WORK INSTRUCTIONS →
Every entry must be given again exactly. Include no pictures.

RECORDS SHOWN →
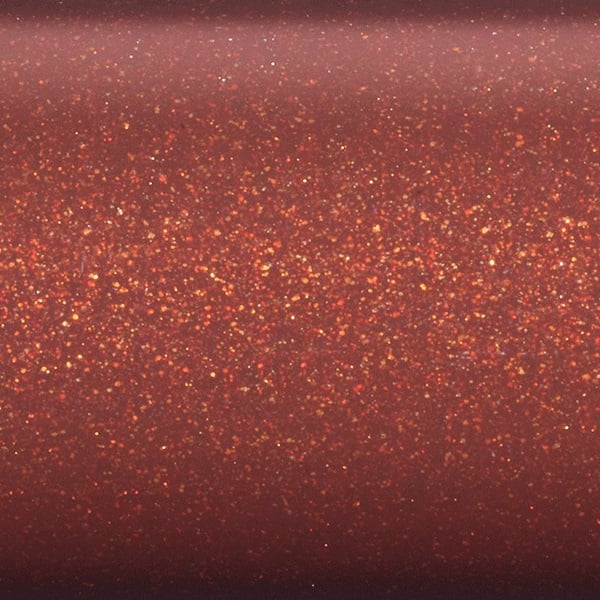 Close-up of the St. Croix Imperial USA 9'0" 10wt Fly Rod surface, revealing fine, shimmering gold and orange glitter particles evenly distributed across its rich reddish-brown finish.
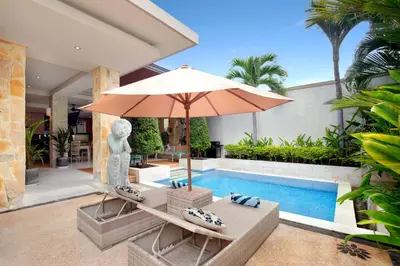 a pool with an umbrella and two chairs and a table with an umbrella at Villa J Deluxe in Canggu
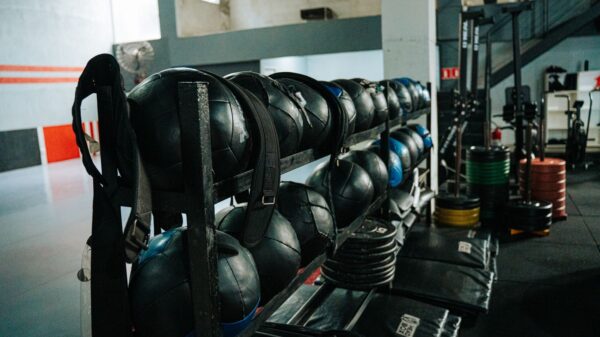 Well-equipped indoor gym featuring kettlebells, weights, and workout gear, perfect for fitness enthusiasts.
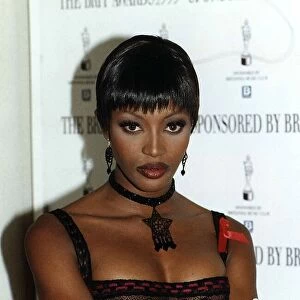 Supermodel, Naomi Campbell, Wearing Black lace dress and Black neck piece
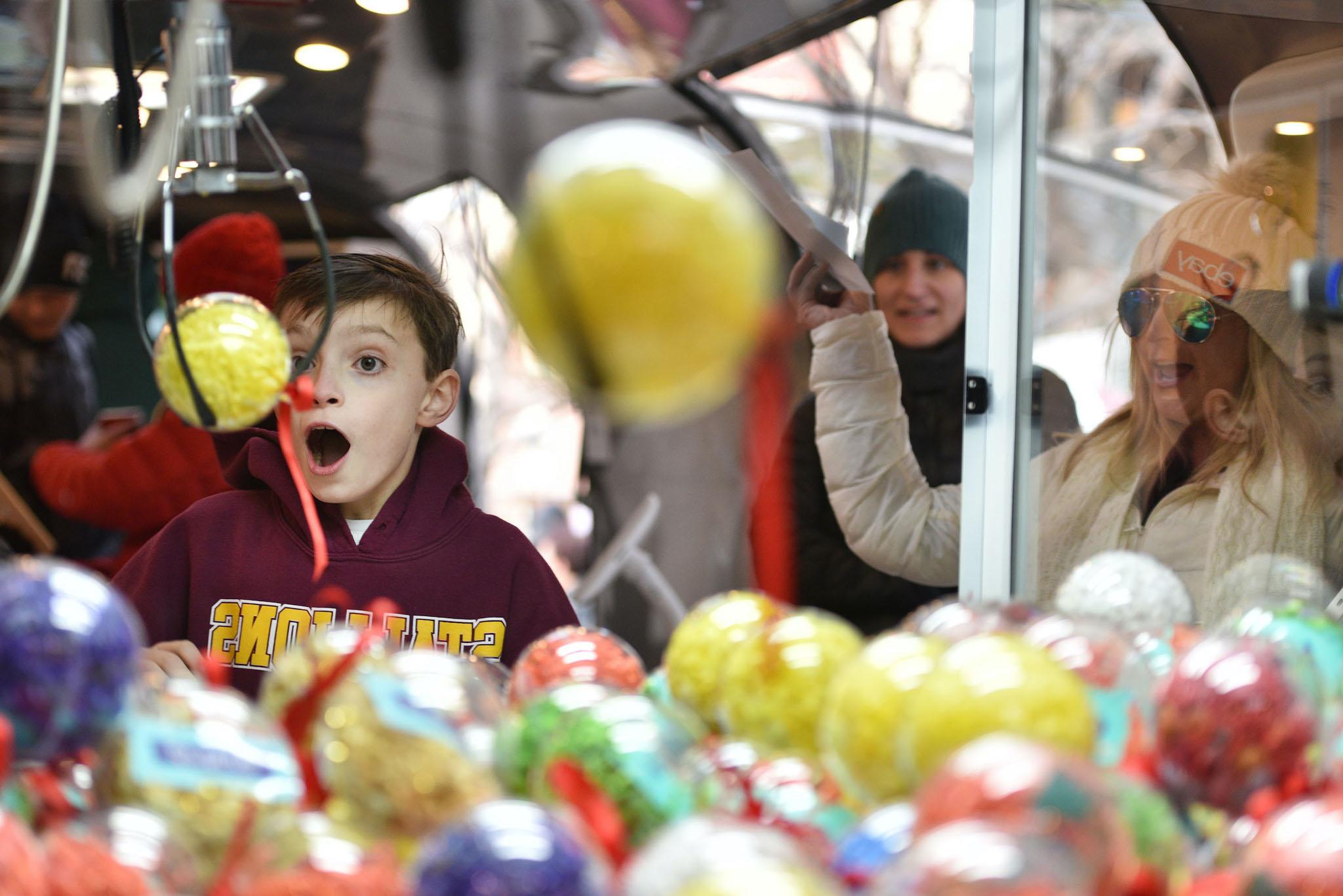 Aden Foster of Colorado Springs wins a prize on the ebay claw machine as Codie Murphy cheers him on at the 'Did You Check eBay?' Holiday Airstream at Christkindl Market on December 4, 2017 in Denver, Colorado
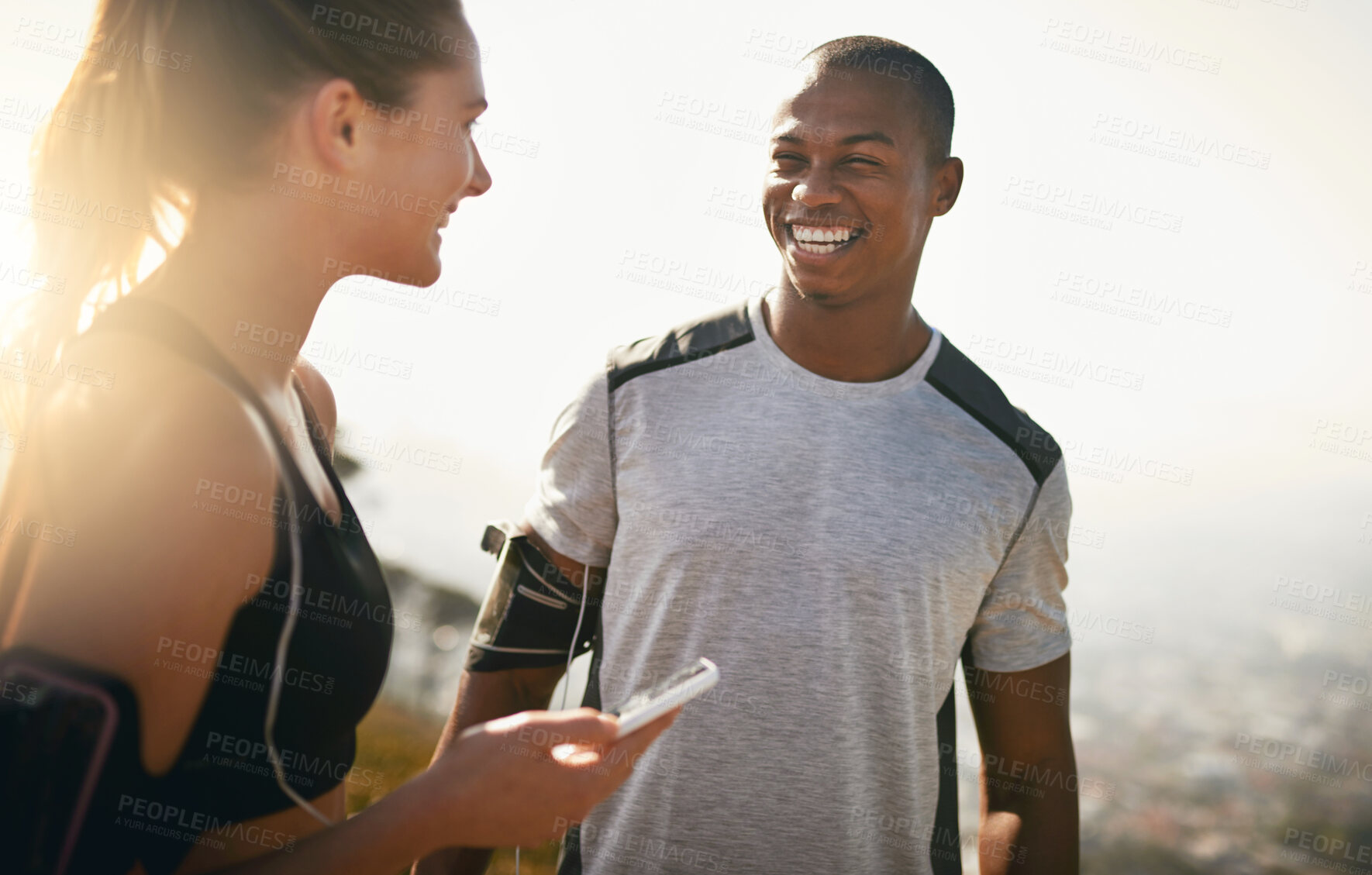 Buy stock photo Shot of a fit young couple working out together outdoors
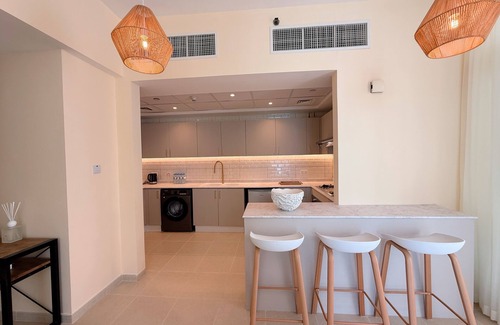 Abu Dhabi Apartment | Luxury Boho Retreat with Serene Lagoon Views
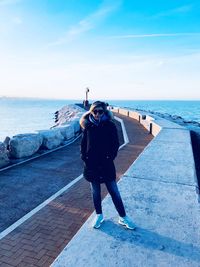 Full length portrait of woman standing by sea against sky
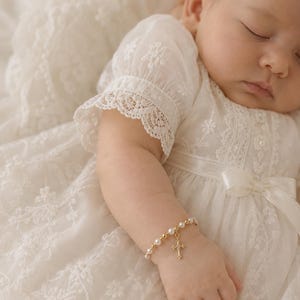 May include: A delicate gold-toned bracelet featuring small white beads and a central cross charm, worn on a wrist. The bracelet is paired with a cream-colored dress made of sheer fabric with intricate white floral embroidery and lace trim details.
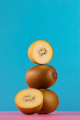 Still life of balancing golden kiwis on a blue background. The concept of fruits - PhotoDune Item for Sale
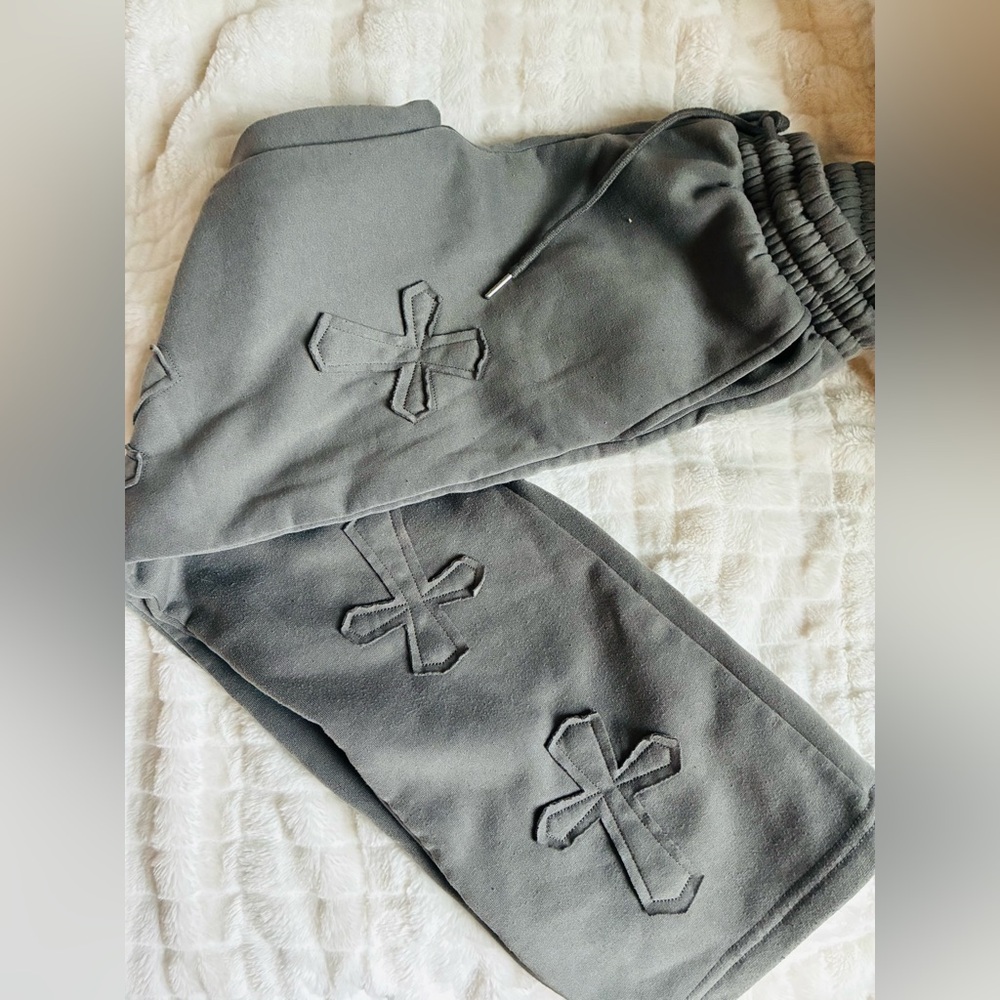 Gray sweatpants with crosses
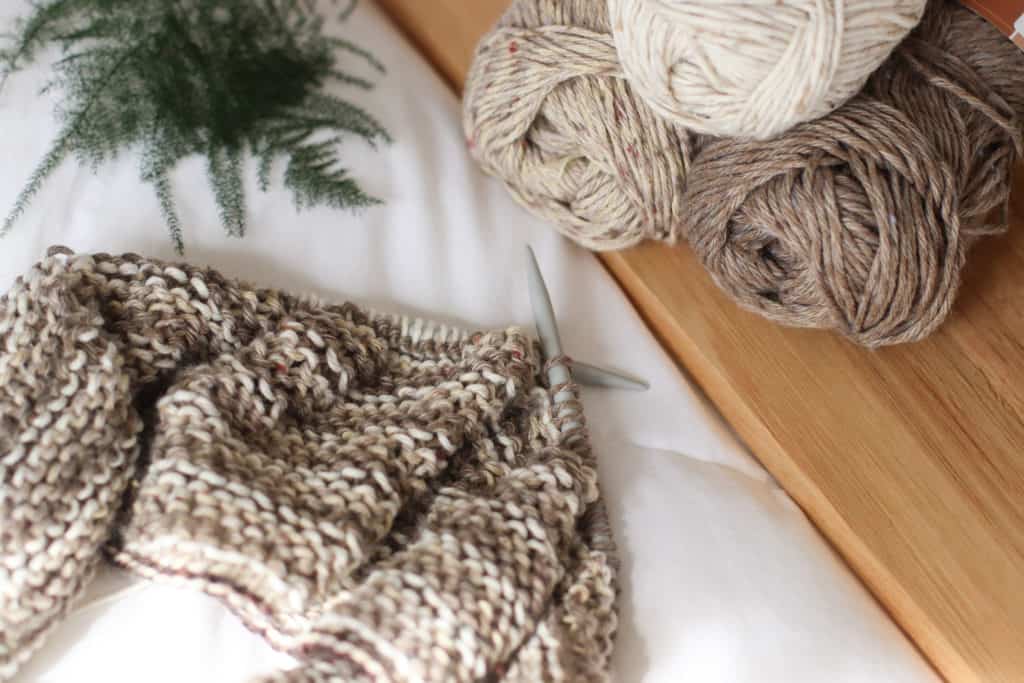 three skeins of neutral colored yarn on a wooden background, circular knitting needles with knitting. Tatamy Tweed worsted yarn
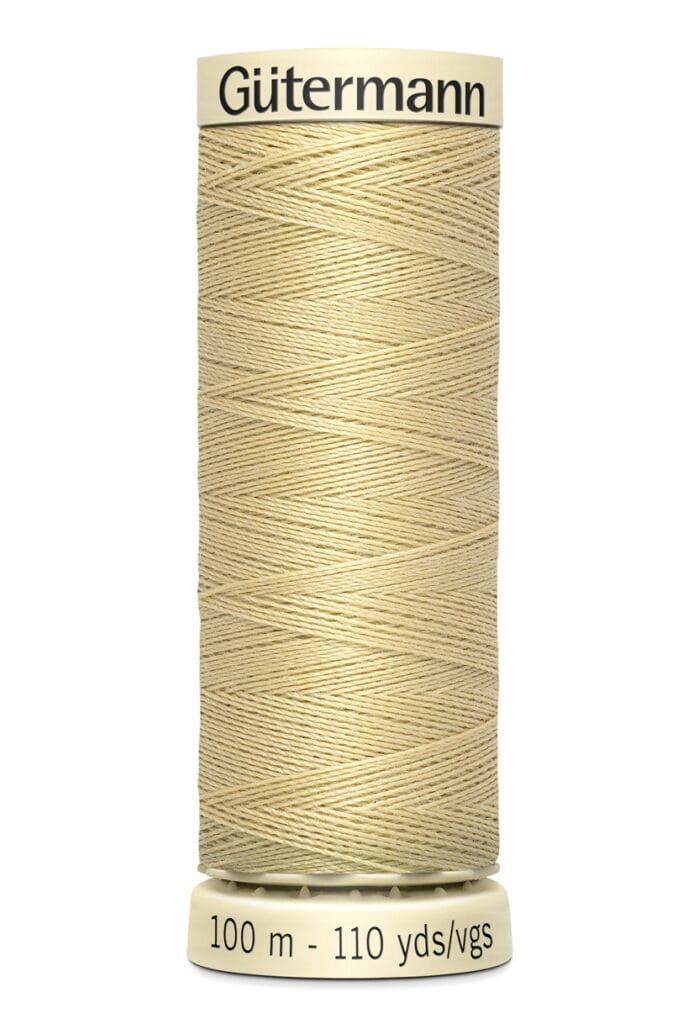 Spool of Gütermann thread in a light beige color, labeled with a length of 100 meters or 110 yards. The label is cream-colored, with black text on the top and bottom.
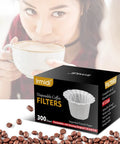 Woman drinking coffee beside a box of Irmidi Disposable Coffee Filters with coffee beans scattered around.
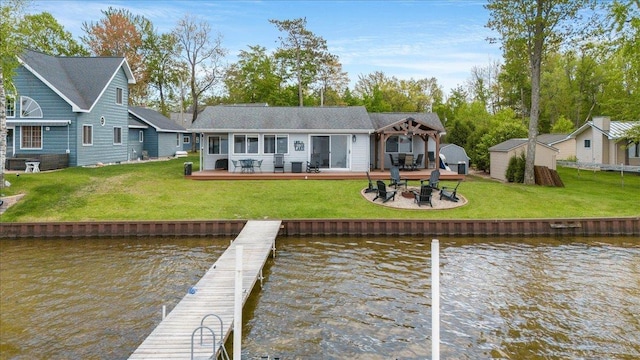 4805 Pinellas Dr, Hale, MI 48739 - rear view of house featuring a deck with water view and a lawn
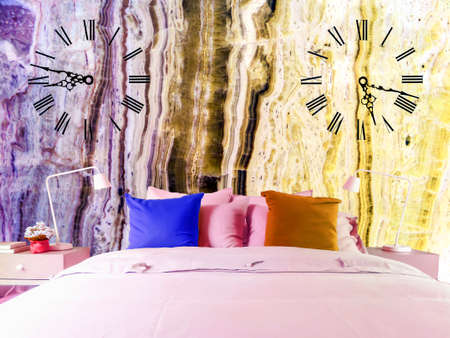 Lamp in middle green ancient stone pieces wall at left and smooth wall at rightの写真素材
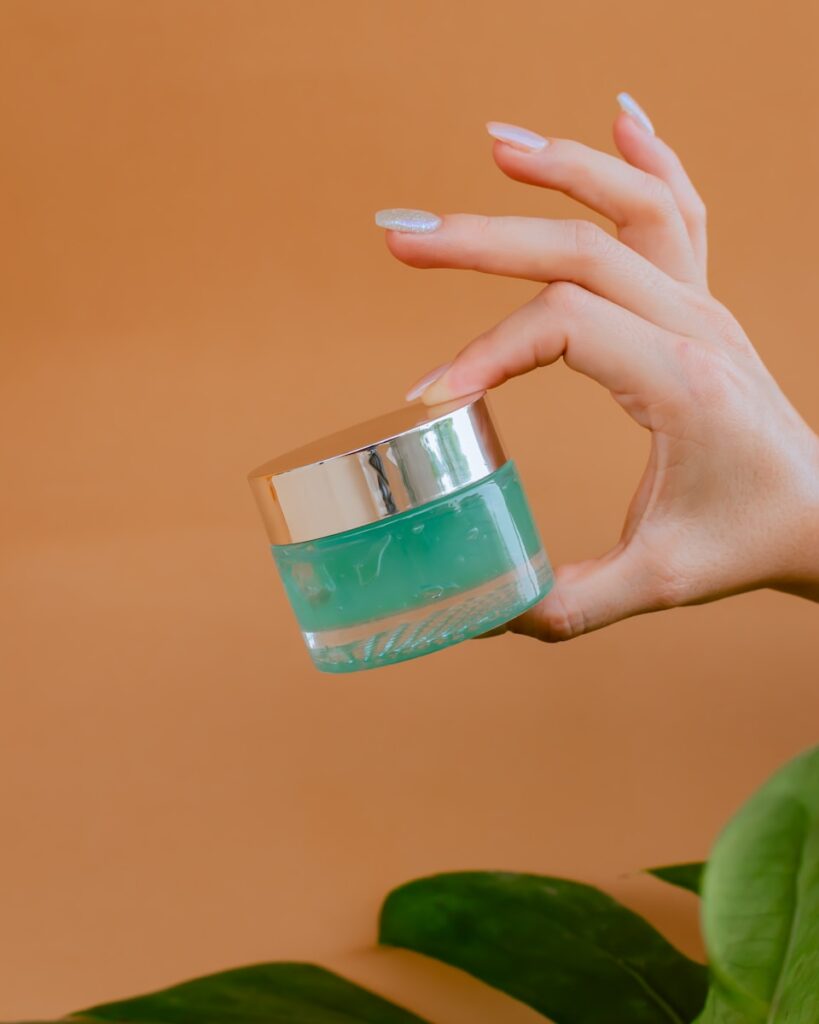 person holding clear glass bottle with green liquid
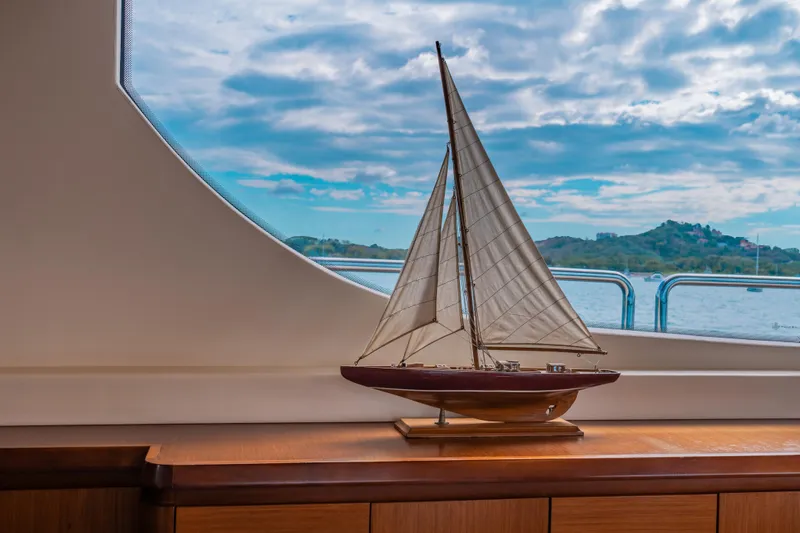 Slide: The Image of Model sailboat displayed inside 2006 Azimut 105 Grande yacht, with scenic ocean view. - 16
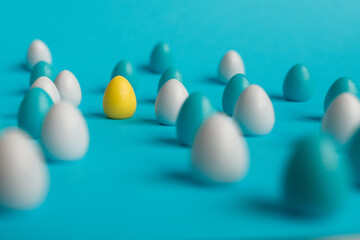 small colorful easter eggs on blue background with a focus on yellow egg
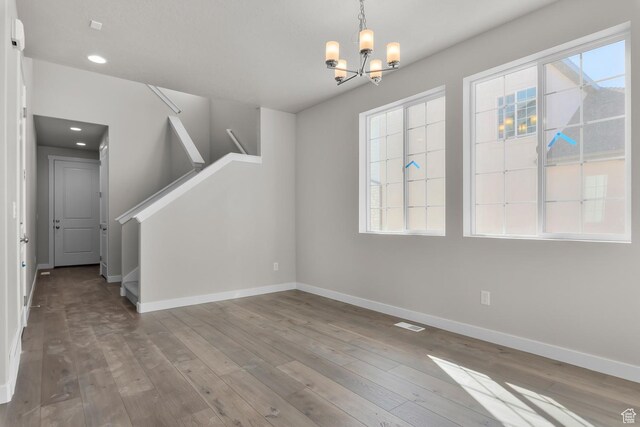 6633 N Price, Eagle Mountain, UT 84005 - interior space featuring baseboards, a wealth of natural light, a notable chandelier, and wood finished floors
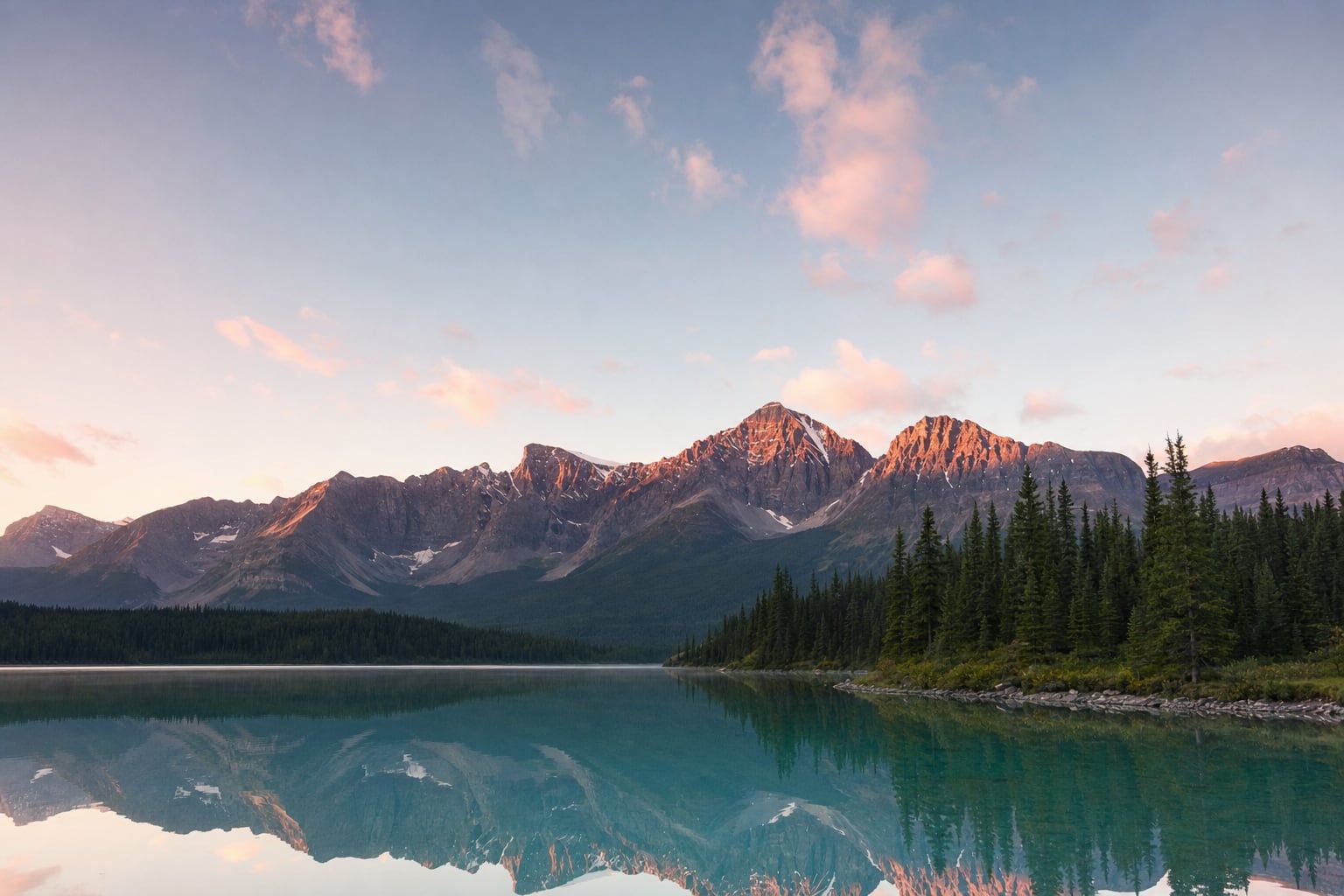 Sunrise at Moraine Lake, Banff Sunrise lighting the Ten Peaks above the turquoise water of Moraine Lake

SOLVED EXERCISE →
 Close-up of the St. Croix Imperial USA 9'0" 10wt Fly Rod surface, revealing fine, shimmering gold and orange glitter particles evenly distributed across its rich reddish-brown finish.
 a pool with an umbrella and two chairs and a table with an umbrella at Villa J Deluxe in Canggu
 Well-equipped indoor gym featuring kettlebells, weights, and workout gear, perfect for fitness enthusiasts.
 Supermodel, Naomi Campbell, Wearing Black lace dress and Black neck piece
 Aden Foster of Colorado Springs wins a prize on the ebay claw machine as Codie Murphy cheers him on at the 'Did You Check eBay?' Holiday Airstream at Christkindl Market on December 4, 2017 in Denver, Colorado
 Buy stock photo Shot of a fit young couple working out together outdoors
 Abu Dhabi Apartment | Luxury Boho Retreat with Serene Lagoon Views
 Full length portrait of woman standing by sea against sky
 May include: A delicate gold-toned bracelet featuring small white beads and a central cross charm, worn on a wrist. The bracelet is paired with a cream-colored dress made of sheer fabric with intricate white floral embroidery and lace trim details.
 Still life of balancing golden kiwis on a blue background. The concept of fruits - PhotoDune Item for Sale
 Gray sweatpants with crosses
 three skeins of neutral colored yarn on a wooden background, circular knitting needles with knitting. Tatamy Tweed worsted yarn
 Spool of Gütermann thread in a light beige color, labeled with a length of 100 meters or 110 yards. The label is cream-colored, with black text on the top and bottom.
 Woman drinking coffee beside a box of Irmidi Disposable Coffee Filters with coffee beans scattered around.
 4805 Pinellas Dr, Hale, MI 48739 - rear view of house featuring a deck with water view and a lawn
 Lamp in middle green ancient stone pieces wall at left and smooth wall at rightの写真素材
 person holding clear glass bottle with green liquid
 Slide: The Image of Model sailboat displayed inside 2006 Azimut 105 Grande yacht, with scenic ocean view. - 16
 small colorful easter eggs on blue background with a focus on yellow egg
 6633 N Price, Eagle Mountain, UT 84005 - interior space featuring baseboards, a wealth of natural light, a notable chandelier, and wood finished floors
 Sunrise at Moraine Lake, Banff Sunrise lighting the Ten Peaks above the turquoise water of Moraine Lake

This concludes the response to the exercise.